Recensione di Summer (Leto) il film di Kirill Serebrennikov con protagonista Teo Yoo in anteprima a Cannes e dal 15 novembre 2018 al cinema. 

la locandina italiana del film Summer (Leto)

la locandina italiana del film Summer (Leto)

Passato da Cannes e dal Milano Film Festival, senza premi ma con plausi e il titolo simbolico di “film più cantabile” delle rassegne, arriva al cinema Summer (o Leto, come da titolo originale).
Una pellicola che, perfettamente in linea con la sua natura musicale, si divide tra palco e backstage.

Il palco, quello che vediamo per primo, è un bianco e nero di gran classe che inquadra l’ascesa della rockstar Viktor (Teo Yoo) e dei suoi Kino, per molti la band più famosa ed influente della storia russa.

E’ la Stalingrado di inizio anni ottanta, ancora stritolata dalla censura di regime, leggermente in anticipo rispetto alla Perestroika e all’arrivo della democrazia.
Una fase di transizione politica, mentre una transizione musicale (dal punk e glam anni settanta alla new wave di inizio ottanta) accompagna Viktor, il suo mentore artistico Mike (leader degli Zoopark) e la fidanzata-musa Natasha in un intricato triangolo romantico. 

una scena del film Summer (Leto) - Photo: courtesy of I Wonder Pictures

una scena del film Summer (Leto) – Photo: courtesy of I Wonder Pictures

Quello di Leto è sentimento, sì, ma mai banale e mai schedato, anch’esso transitorio e mutevole, in cui l’ascolto di un side-A vale quanto un amplesso.
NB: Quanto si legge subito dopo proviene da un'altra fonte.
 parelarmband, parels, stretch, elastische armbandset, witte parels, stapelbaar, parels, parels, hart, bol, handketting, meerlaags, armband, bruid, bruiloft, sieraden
Poi, nel “backstage”, l’impegnato regista Kirill Serebrennikov (agli arresti domiciliari) è bravissimo a raccontare fra le righe le tensioni, le limitazioni e i sogni di vita e arte, a tappezzare gli ambienti delle sacre immagini anglofone (Bowie, Lou Reed, Iggy Pop, Marc Bolan), ascolti clandestini e distanti per la gioventù della Stalingrado sotterranea.
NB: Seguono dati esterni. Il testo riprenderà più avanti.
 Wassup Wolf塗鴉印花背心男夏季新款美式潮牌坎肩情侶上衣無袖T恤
E a salvarci dal melodramma, dal pietismo e dalle invettive politiche: anzi, quello che resta negli occhi e nelle orecchie è il tumultuoso impeto artistico, espressivo ed emotivo dei protagonisti, che trascina al sing-along anche il critico notoriamente ingessato.
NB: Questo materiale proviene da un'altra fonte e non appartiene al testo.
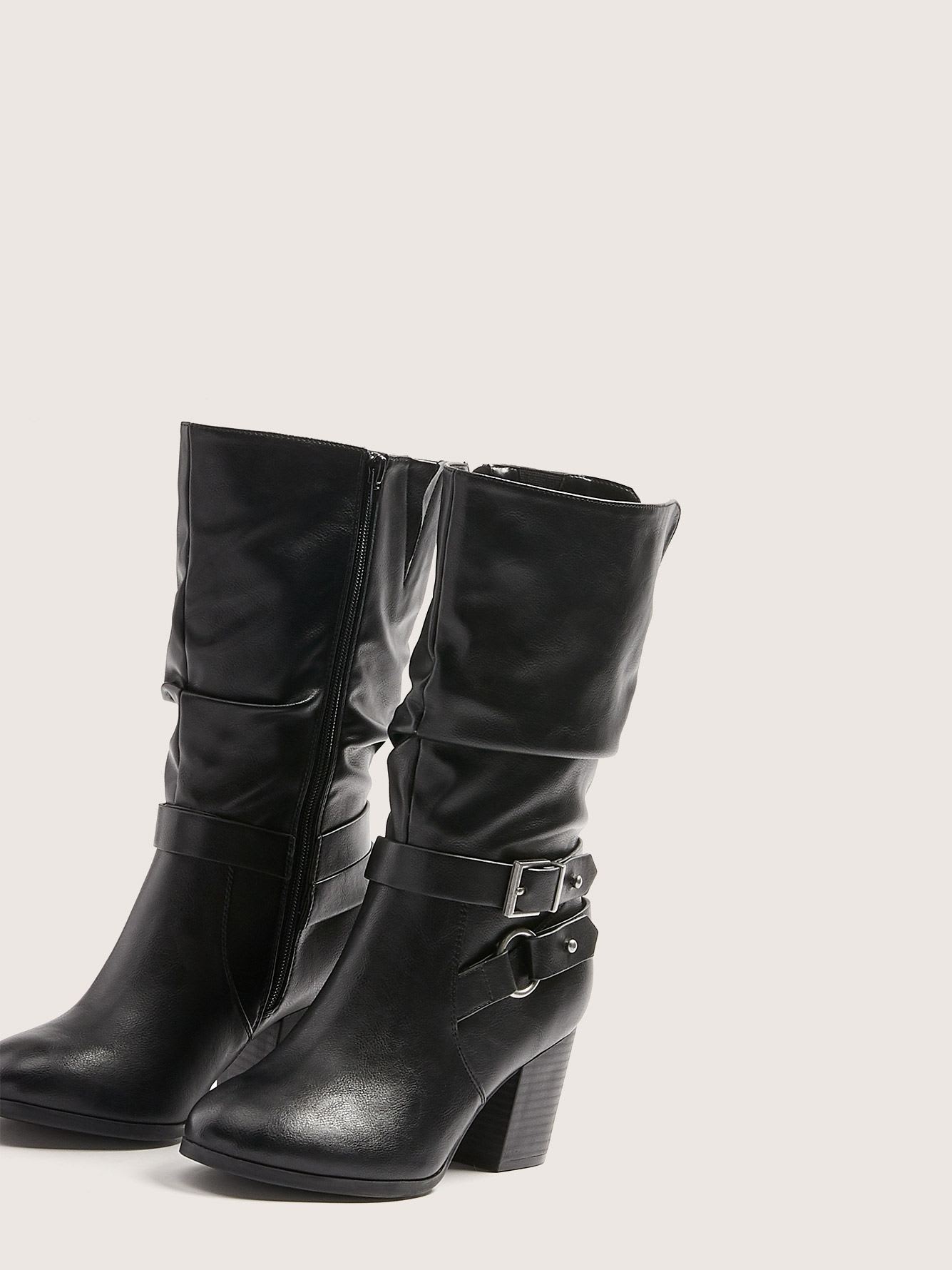 wide mid calf boot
una scena del film Summer (Leto) - Photo: courtesy of I Wonder Pictures

una scena del film Summer (Leto) – Photo: courtesy of I Wonder Pictures

Il contesto sociopolitico e le vicissitudini dei due iconici musicisti sovietici (entrambi scomparsi in giovane età, come da copione rock) sono faccende che vanno infatti principalmente a toccare nervi e viscere della Russia; ma l’intensità di Leto conquista tutti, un romance incendiario e pieno di inni che non disdegna soluzioni da musical fumettoso e narratori che guardando in camera ti dicono che “questo è successo davvero”.

Summer (Leto) invita in uno spaccato storico e artistico interessante e cruciale, facendo presente che non servono per forza gesti eclatanti per fare la storia e la resistenza: infatti come dice Viktor alla sua impossibile metà nella chiusura amarognola “tenersi la mano è la cosa più pericolosa di tutte”.